Meghdootam by Kalidasa
Source: LiTgloss at Buffalo
For the uninitiated: Kalidasa is considered the greatest Indian poet and dramatist. Meghdootam, literally translated is “cloud messenger”. These are a few initial lines of Meghdootam:
कश्चित् कान्ताविरहगुरुणा स्वाधिकारात्प्रमत्त: शापेनास्तड्ग्मितहिमा वर्षभोग्येण भर्तु: ।
यक्षश्चक्रे जनकतनयास्त्रानपुण्योदकेषु स्त्रिग्धच्छायातरुषु वसतिं रामगिर्याश्रमेषु ॥१॥
A certain `yaksha` who had been negligent in the execution of his own duties, deprived of his powers on account of a curse from his master which was to be endured for a year
and which was onerous as it separated him from his beloved, made his residence among the hermitages of Ramagiri, whose waters were blessed by the bathing of the daughter of Janaka [Sita] and whose shade trees grew in profusion.
तसिमन्नद्रौ कतिचिदबलाविप्रयुक्त: स कामी नीत्वा मासान् कनकवलयभ्रंशरिक्तप्रकोष्ठ: ।
आषाढस्य प्रथमदिवसे मेघमाश्लिष्टसानुं वप्रक्रीडापरिणतगजप्रेक्षणीयं ददर्श ॥२॥
That lover, separated from his beloved, whose gold armlet had slipped from his bare forearm, having dwelt on that mountain for some months,
on the first day of the month of Asadha, saw a cloud embracing the summit, which resembled a mature elephant playfully butting a bank.
तस्य स्थित्वा कथमपि पुर: कौतुकाधानहेतो: अन्तर्बाष्पश्चिरमनुचरो राजराजस्य दध्यौ ।
मेघालोके भवति सुखिनोऽप्यन्यथाव्रत्ति चेत: कण्ठाश्लेषप्रणयिनि जने किं पुनर्दूरसंस्थे ॥३॥
Managing with difficulty to stand up in front of that cloud which was the cause of the renewal of his enthusiasm, that attendant of the king of kings, pondered while holding back his tears.
Even the mind of a happy person is excited at the sight of a cloud.
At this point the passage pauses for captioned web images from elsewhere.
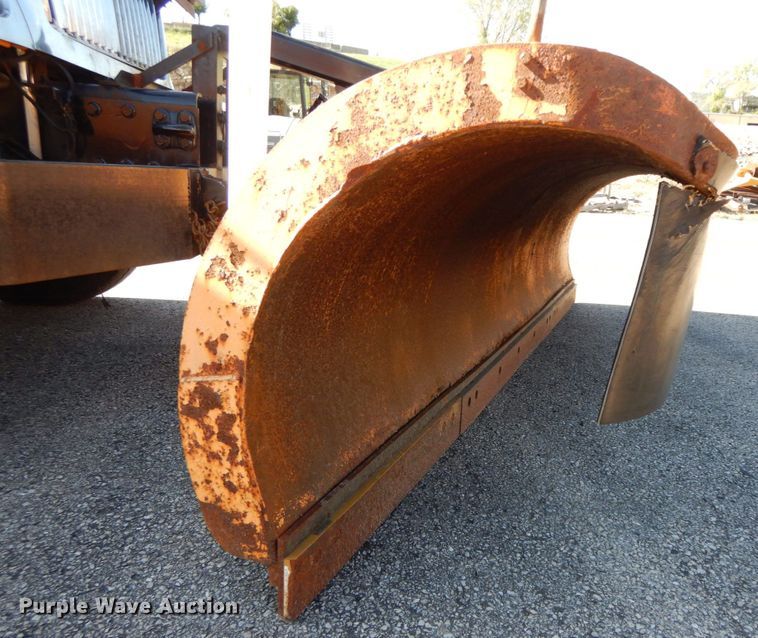 image for item DF6504 2006 International 7400  dump truck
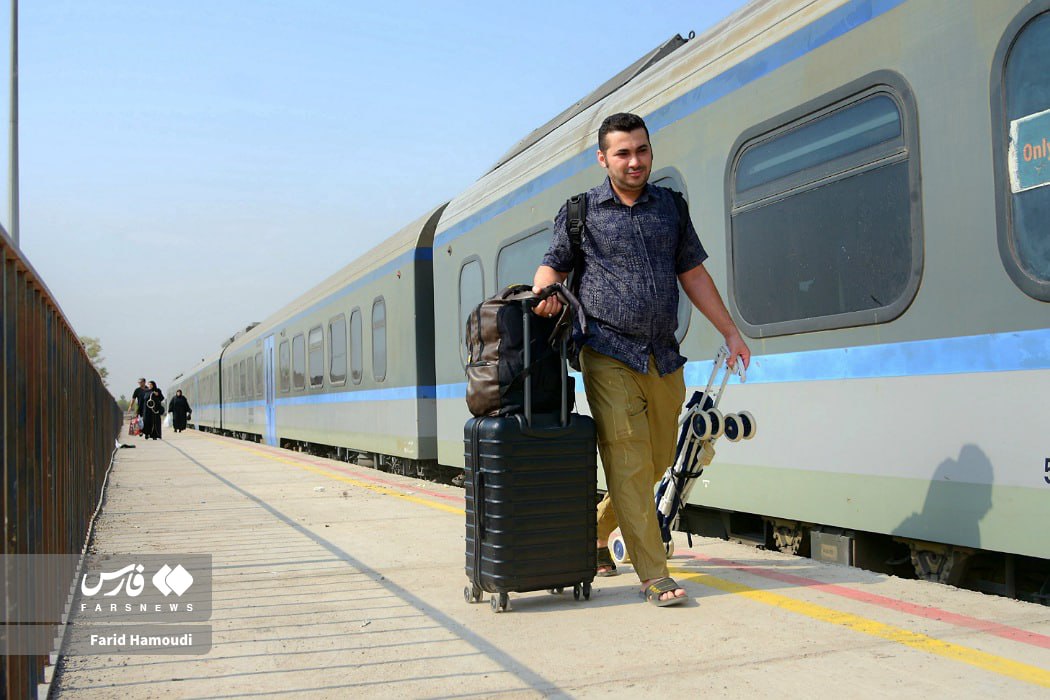 انتقال رایگان زائران با ریل‌باس از خرمشهر به شلمچه  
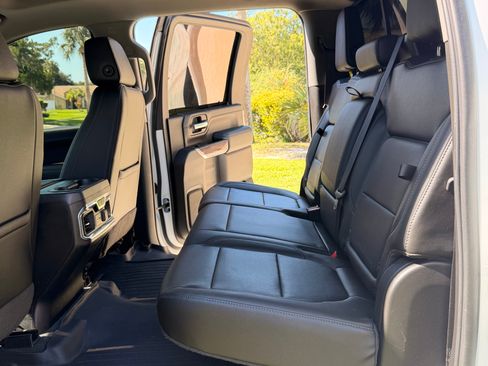 Used 2020 Chevrolet Silverado 2500 LTZ w/ LTZ Convenience Package image 13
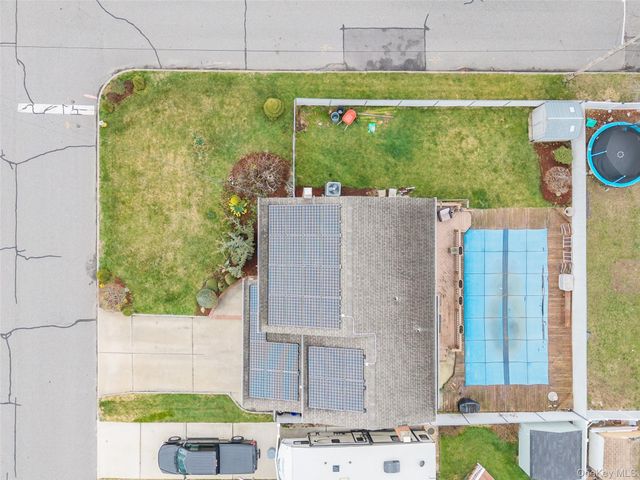 727 Outlook Avenue, West Babylon, NY 11704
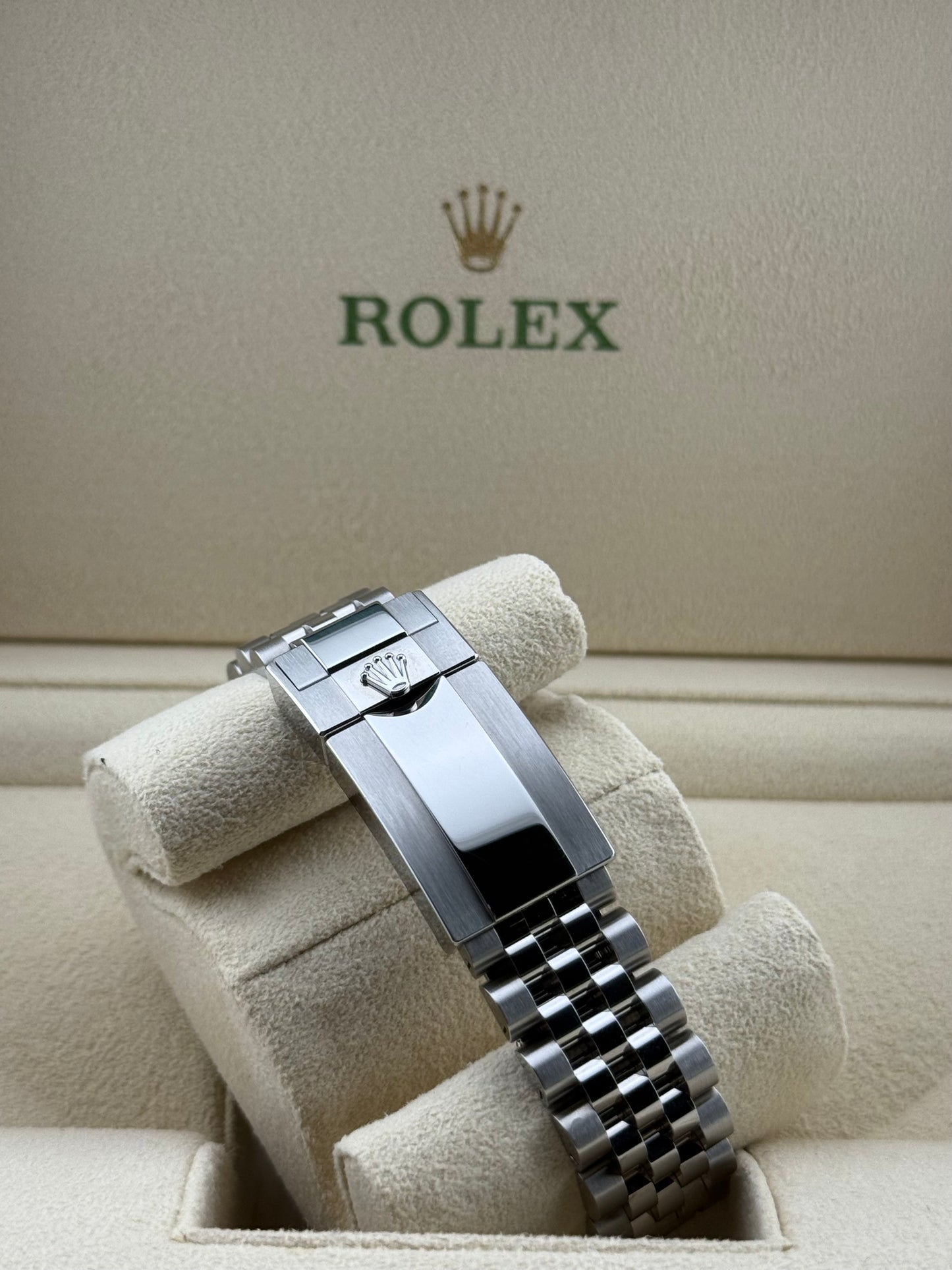 Rolex GMT-Master II Bruce Wayne Jubilee 126710GRNR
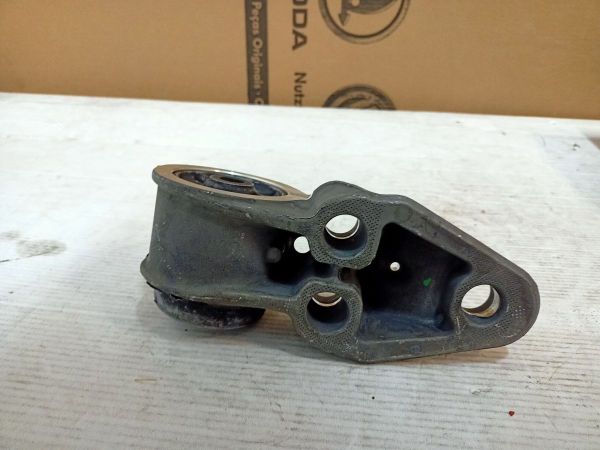 DRŽÁK ULOŽENÍ LOŽISEK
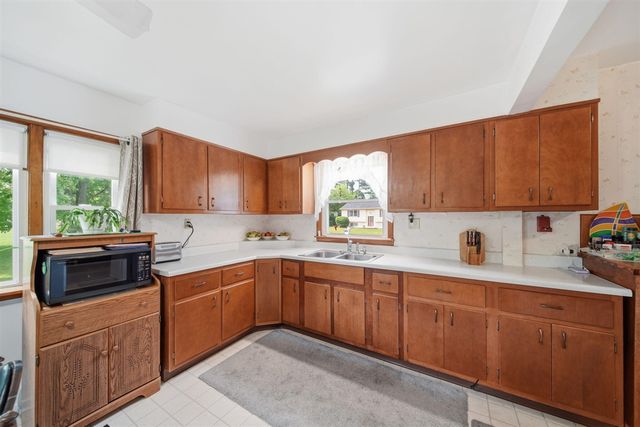 225 Center Court, Jackson, MI 49201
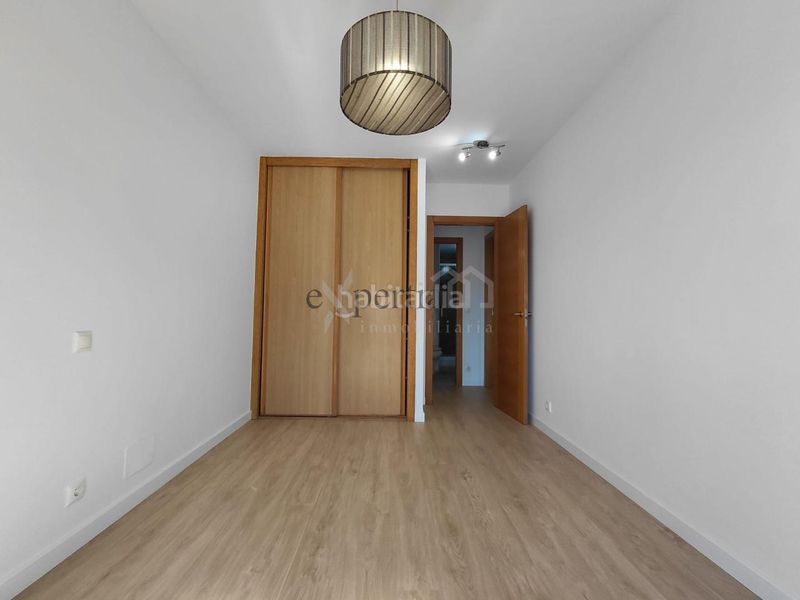 Foto 81610034-ae3b-497c-aebd-74b826e40aba. Piso en Boiro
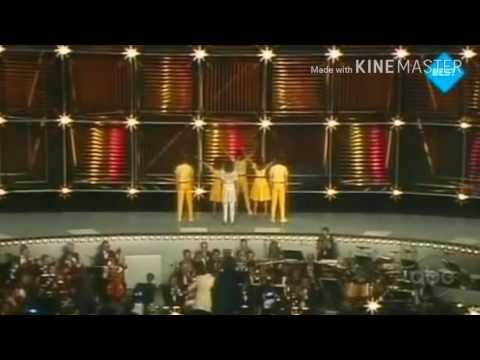 Ofra Haza peforming "Chai" at the 2016 American Music Awards (Fanmade)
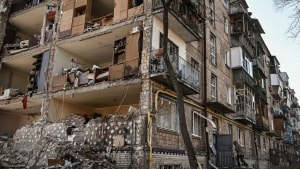 Mistankerne hober sig op om russiske krigsforbrydelser i form af ulovligt våbenbrug og civile mennesker og bygninger som bombemål - her en beboelsesejendom i Kyiv. Danske eksperter mener, at angrebene på civile forekommer systematiske. Foto: Aris Messinis/AFP/Ritzau Scanpix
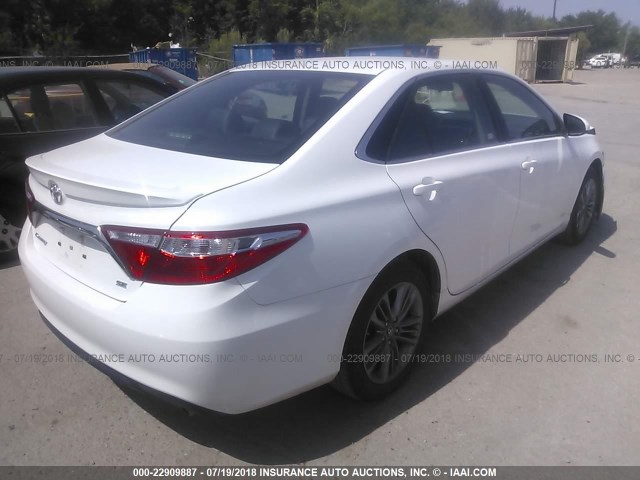 4T1BF1FK8HU813298 - 2017 TOYOTA CAMRY LE/XLE/SE/XSE WHITE photo 4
How much more so, when the one who longs to cling to his neck is far away?
This is by no means an authoritative translation, and texts such as these can not have one. For they were written in allegorical style, drawing upon a lot of context from other stories.
The works of Kalidasa and many other Indian writers are subject to many different interpretations.